### BRIEF
For the entries below, return the line holding "30 Sunfish 44, Irvine, CA 92604" together with all lines after it, unchanged, and leave every picture out.

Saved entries
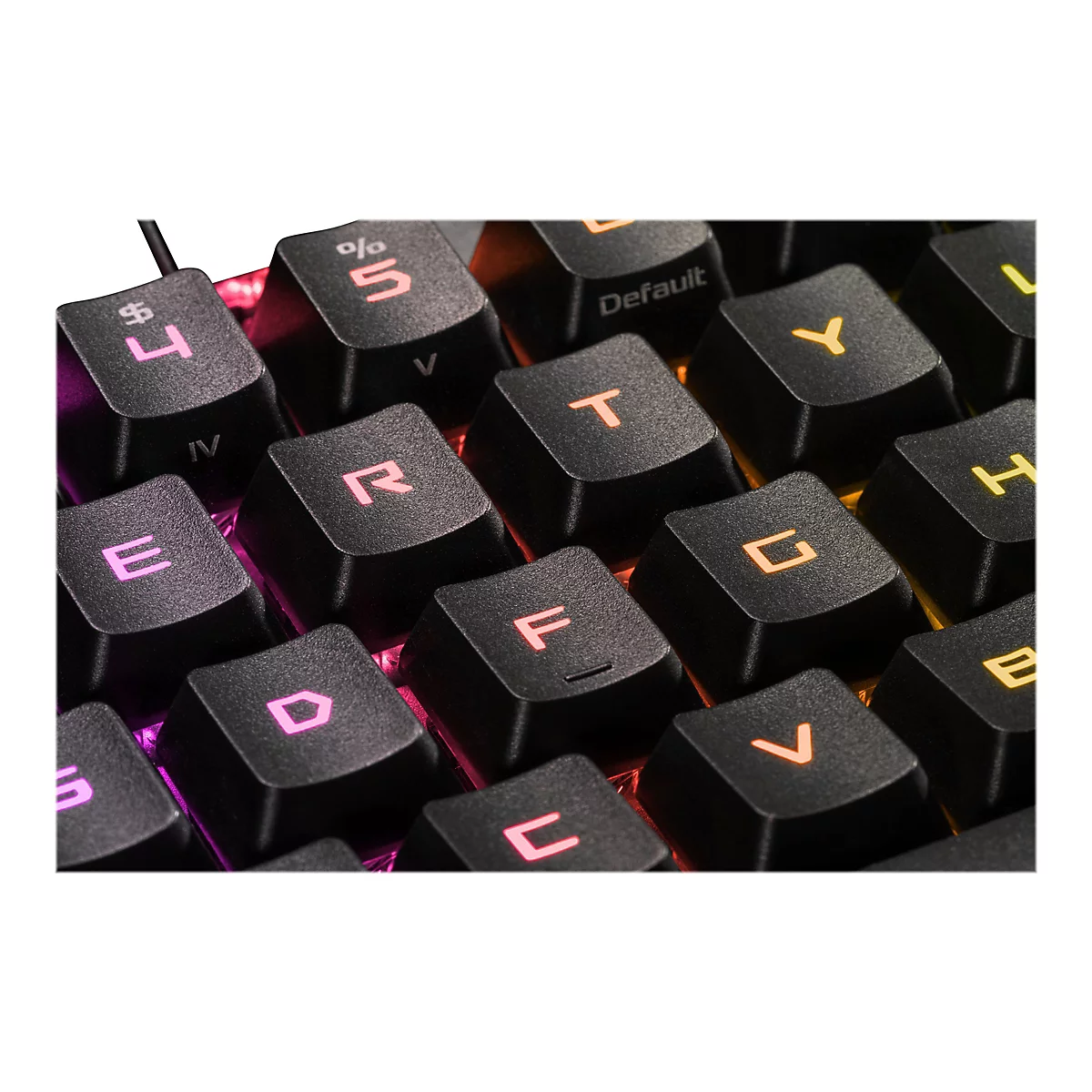Nahaufnahme einer schwarzen Tastatur mit leuchtenden Buchstaben und Symbolen. Einige Tasten sind rosa, orange oder gelb beleuchtet.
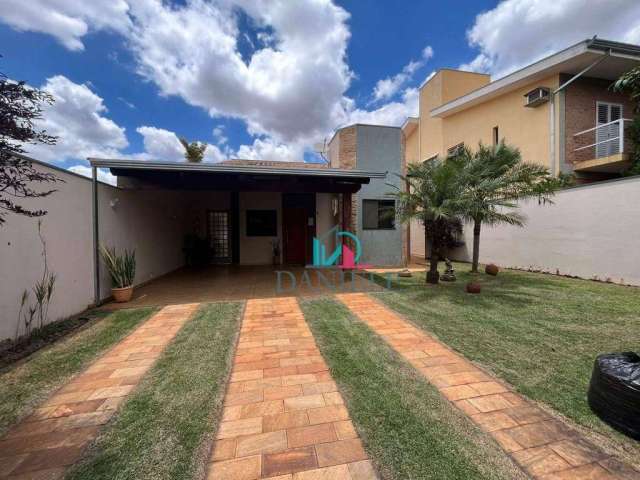 Casa com 3 dormitórios à venda, 158 m² por R$ 600.000,00 - Condomínio Flamboyant - Araraquara/SP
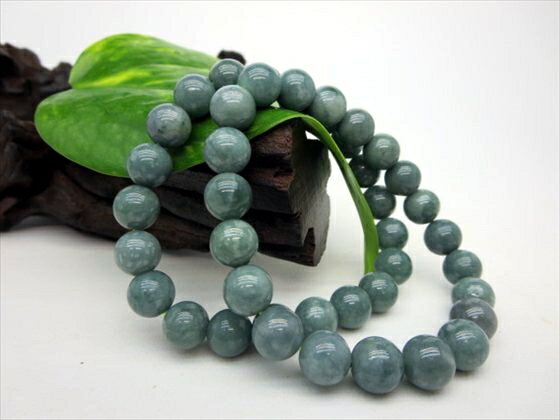 【均一ブレスレット】グアテマラ産翡翠(ジェダイト)品質AAAΦ9±0.2mm【鑑定済み】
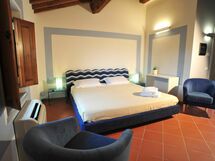 Accommodation:&nbsp;Room Swing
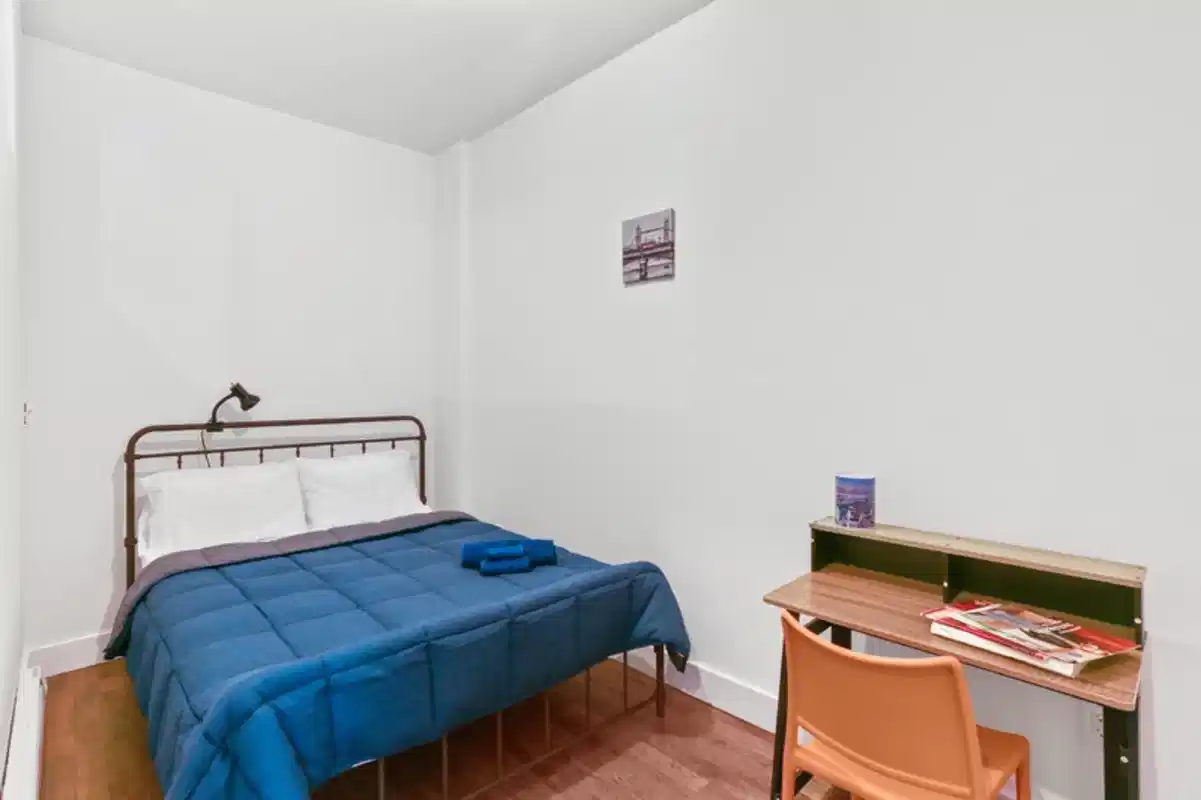 Kitchen?w=400&h=260&fit=crop&q=40&auto=format&trim=auto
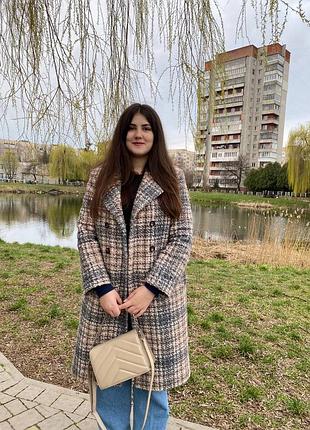 Пальто жіноче, тепле, підходить на холодну осінь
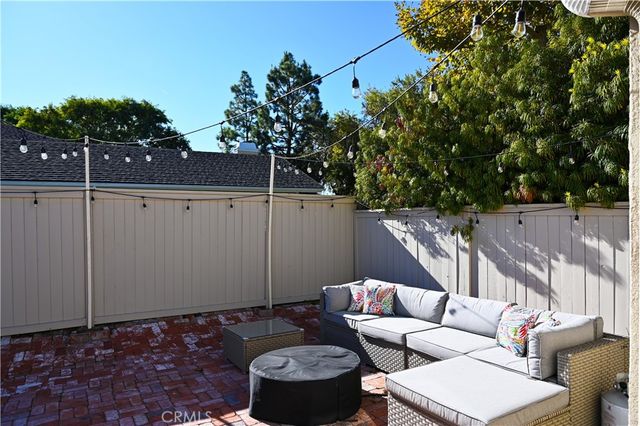 30 Sunfish 44, Irvine, CA 92604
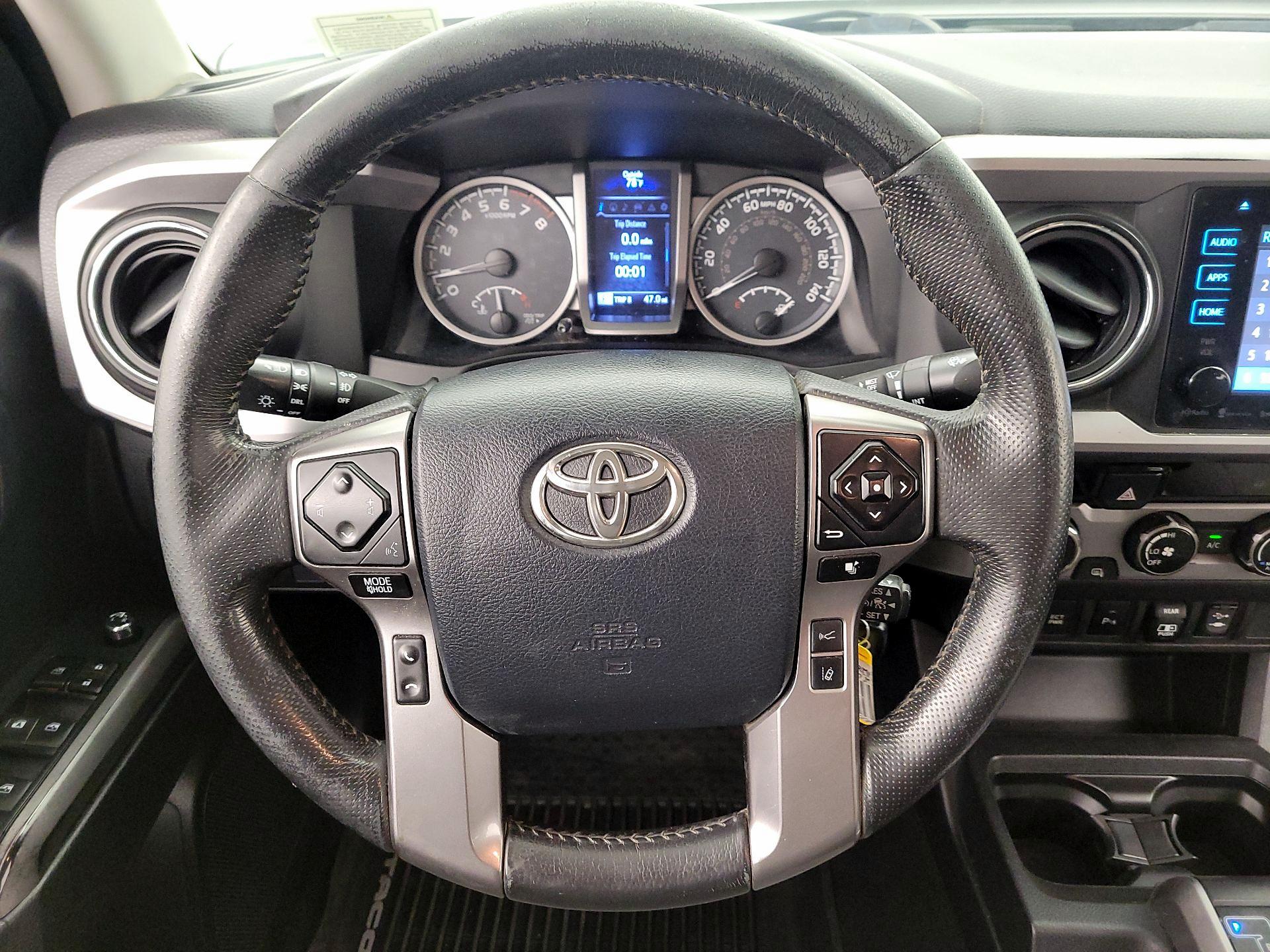 Thumbnail: 2018 Toyota Tacoma - 10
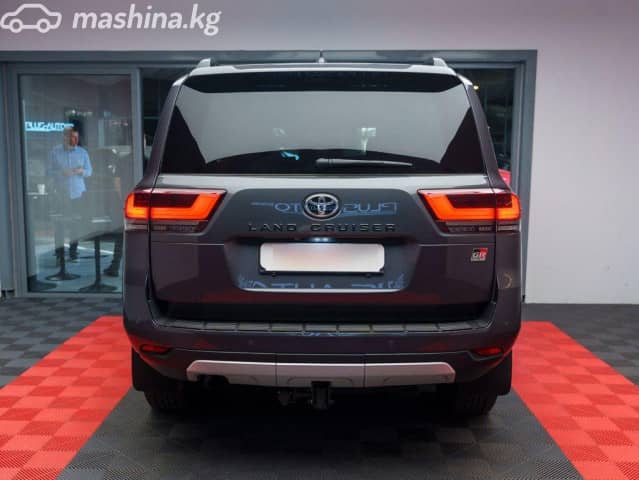 Toyota Land Cruiser 300 Series 3.5 AT 4WD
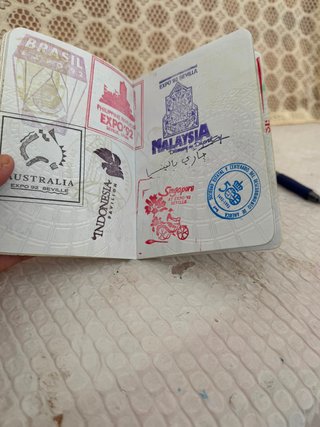 Pasaporte Expo '92 Sevilla con 107 sellos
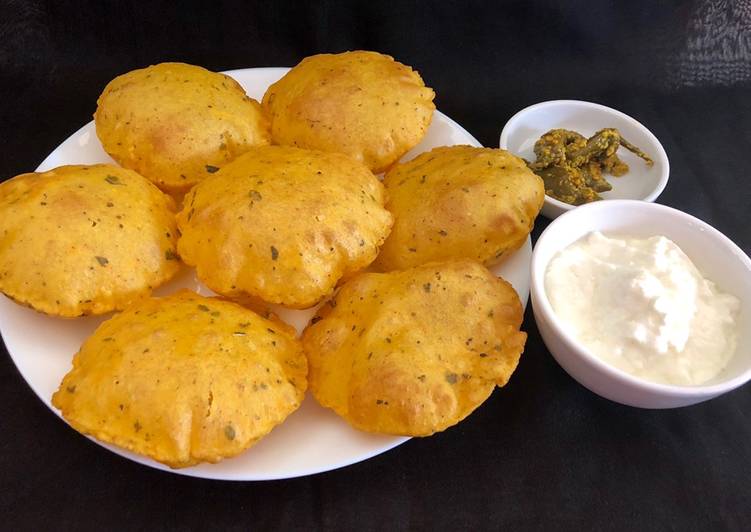 Aloo masala puri with Italian herbs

### OUTPUT BELOW
 30 Sunfish 44, Irvine, CA 92604
 Thumbnail: 2018 Toyota Tacoma - 10
 Toyota Land Cruiser 300 Series 3.5 AT 4WD
 Pasaporte Expo '92 Sevilla con 107 sellos
 Aloo masala puri with Italian herbs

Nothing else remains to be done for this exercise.